La formazione necessita poi di maggiore flessibilità, dal momento che il mondo del lavoro è sempre più caratterizzato da rapporti instabili, da mansioni variabili e dallo stravolgimento del “luogo” e del “tempo” di lavoro. Si tratta di organizzare una formazione a misura dell’individuo e delle caratteristiche del suo lavoro.
Altro tema affrontato è il coinvolgimento del sistema di istruzione. In particolare, i percorsi formativi per i professionisti coinvolti a vario titolo nella gestione prevenzionistica (Medici del lavoro, RSPP, consulenti, ecc.) e per le figure aziendali in apice (datore di lavoro, dirigente, preposto, ecc.) devono prevedere interventi a partire dai programmi dei corsi di laurea e specializzazione. Ulteriore versante riguarda gli enti formatori, la cui qualificazione deve essere attestata allo scopo di garantire una formazione efficacie e di qualità. Ad essere carente è poi il sistema dei controlli e la sostanziale assenza di un sistema di verifica successiva alla formazione e all’addestramento. È per questo necessario istituire un Piano Nazionale dei Controlli in grado di valutare la qualità della formazione. Il CIIP infatti denuncia il proliferare di «proposte formative assolutamente inadeguate con formatori non qualificati e spesso improvvisati che hanno creato un mercato di adempimenti formali e in alcuni casi truffaldino».

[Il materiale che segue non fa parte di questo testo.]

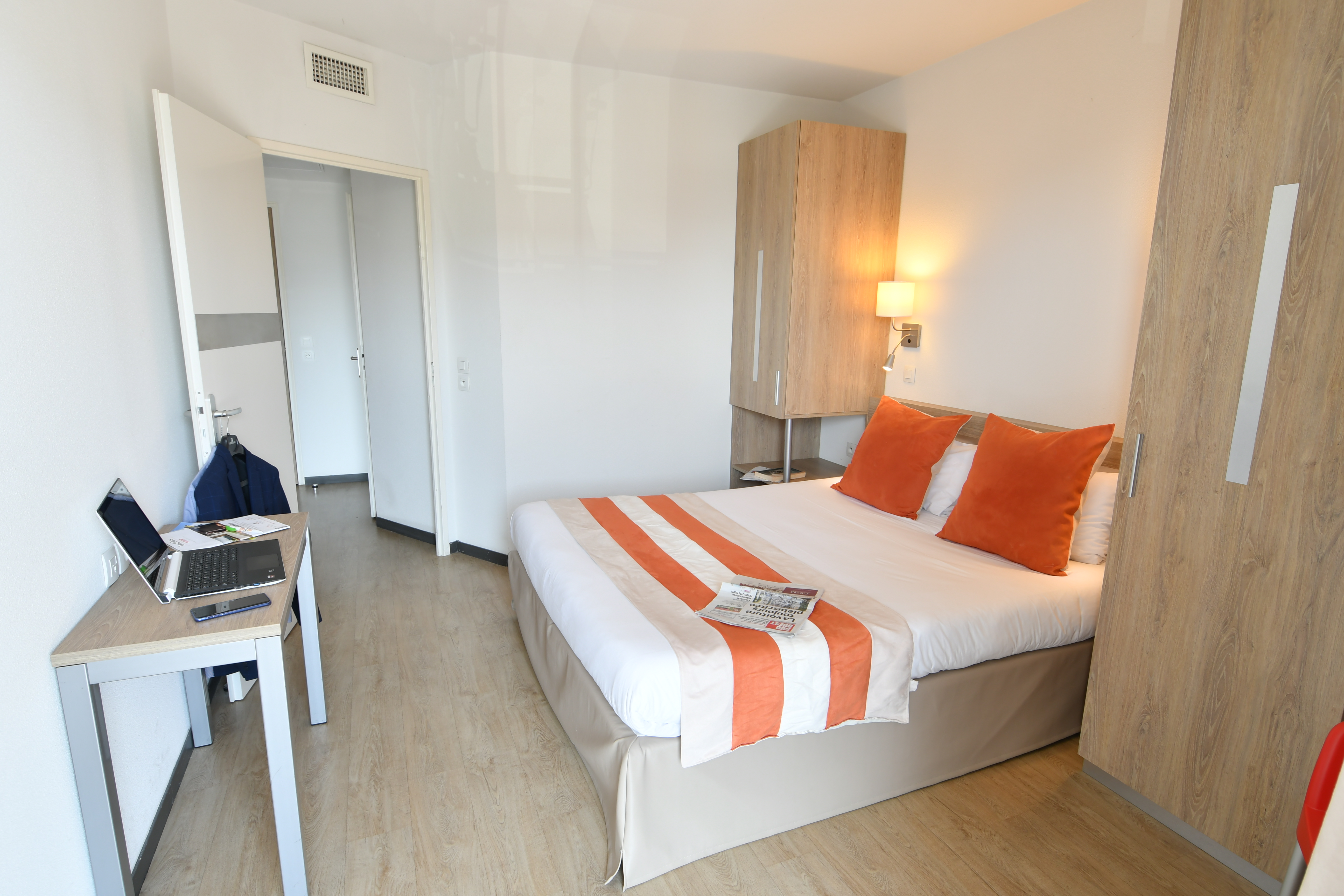 Appart-Hôtel Mer & Golf City Bordeaux Bruges, Bruges - photo 2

Oltre a meccanismi di controlli periodici presso enti formatori e in azienda, la Consulta propone la creazione di un sistema di accreditamento unico che attesti il possesso dei requisiti strutturali e organizzativi e l’implementazione delle verifiche sulla competenza in materia di salute e sicurezza sul lavoro. Inoltre, si rende necessaria la creazione di un libretto formativo, con obbligo di aggiornamento a carico degli enti formatori, allo scopo di tracciare gli adempimenti formativi.

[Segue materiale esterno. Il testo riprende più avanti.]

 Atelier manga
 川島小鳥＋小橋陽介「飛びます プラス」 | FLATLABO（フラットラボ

Ulteriore intervento prospettato è la revisione dei criteri per acquisire e mantenere la qualifica di formatore, affinché siano garantire le competenze tecnico-professionali e didattiche sulle singole aree tematiche.

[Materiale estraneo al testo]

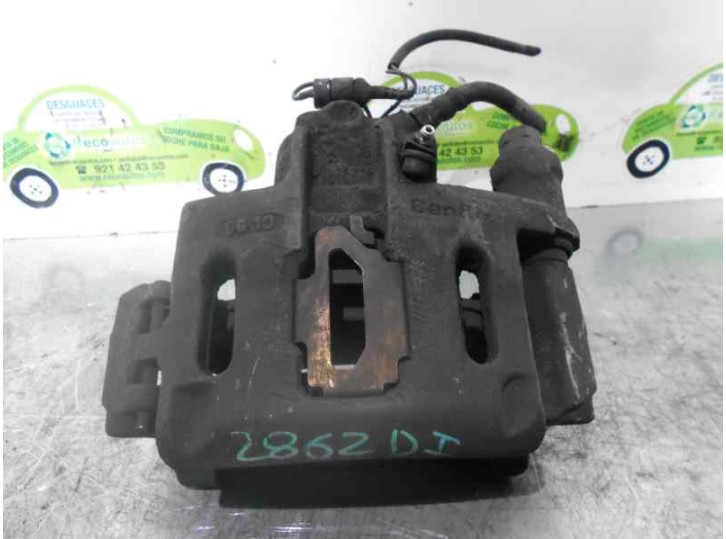 Recambio de pinza freno delantera izquierda para fiat scudo (222) 2.0 jtd cat referencia OEM IAM 95659 BENDIX 95659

La CIIP, inoltre, rimane scettica sull’uso della formazione a distanza. Infatti, secondo la Consulta, la formazione dei lavoratori, dei preposti e dei dirigenti dovrebbe essere svolta preferibilmente in presenza. Solo in alcuni casi, è suggerito l’impiego dell’apprendimento da remoto, come ad esempio nel caso di presenza di competenze ad elevato profilo professionale o di elevata numerosità della popolazione lavorativa.
Vale inoltre la pena evidenziare le proposte sulla formazione del datore di lavoro, il cui obbligo è stato recentemente introdotto. Nel dettaglio, la Consulta propone una differenziazione tra tipologie di datori di lavoro: da una parte, i titolari di grandi aziende, gli amministratori delegati, i direttori generali e i direttori di stabilimento con delega; dall’altra, i lavoratori autonomi, gli artigiani, i commercianti e i professionisti con collaboratori.
Tra le altre proposte, infine, si annovera l’introduzione di momenti formativi nelle scuole per la diffusione della cultura della sicurezza. In particolare, è proposta l’integrazione della tematica di salute e sicurezza all’interno delle materie curriculari, sin dalle scuole materne, allo scopo di assicurare continuità didattica. Questo progetto richiede evidentemente una formazione specifica anche a beneficio degli insegnanti, magari coinvolgendo i Servizi PSAL dei Dipartimenti di Prevenzione.